Here are the sample spaces of a few standard probability experiments that we have been and will be discussing:

Drawing a card at random from a standard 52-card deck

Obviously the sample space is the 52 cards in the deck; but it can be useful to have the image (from wikipedia):

Rolling a pair of six-sided die

Since there are 6 possible outcomes for the 1st die and 6 possible outcomes for the 2nd die, there are 6*6 = 36 outcomes in the sample space. It is useful to arrange these outcomes in a 6-by-6 matrix:

(1, 1) (1, 2) (1, 3) (1, 4) (1, 5) (1, 6)
(2, 1) (2, 2) (2, 3) (2, 4) (2, 5) (2, 6)
(3, 1) (3, 2) (3, 3) (3, 4) (3, 5) (3, 6)
(4, 1) (4, 2) (4, 3) (4, 4) (4, 5) (4, 6)
(5, 1) (5, 2) (5, 3) (5, 4) (5, 5) (5, 6)
(6, 1) (6, 2) (6, 3) (6, 4) (6, 5) (6, 6)

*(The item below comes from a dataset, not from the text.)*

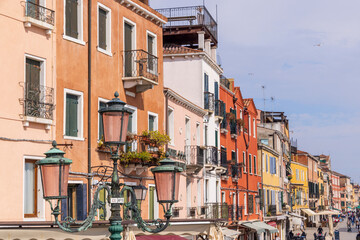 Italy, Venice. Arsenale neighborhood, Castello district. Streetlight and buildings.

Flipping a coin 2 times in a row

In this experiment, there are 4 distinct outcomes in the sample space:

S = {HH, HT, TH, TT}

If we consider the experiment of flipping a coin 3 times in a row, there are 2^3 = 8 distinct outcomes in the sample space:

S = {HHH, HHT, HTH, HTT, THH, THT, TTH, TTT}

Exercise: You should try to draw these two experiments/sample spaces as tree diagrams! Also try to write out the sample space for the flipping a coin 4 times in a row. Hint: there are 2^4 = 16 distinct outcomes in that sample space.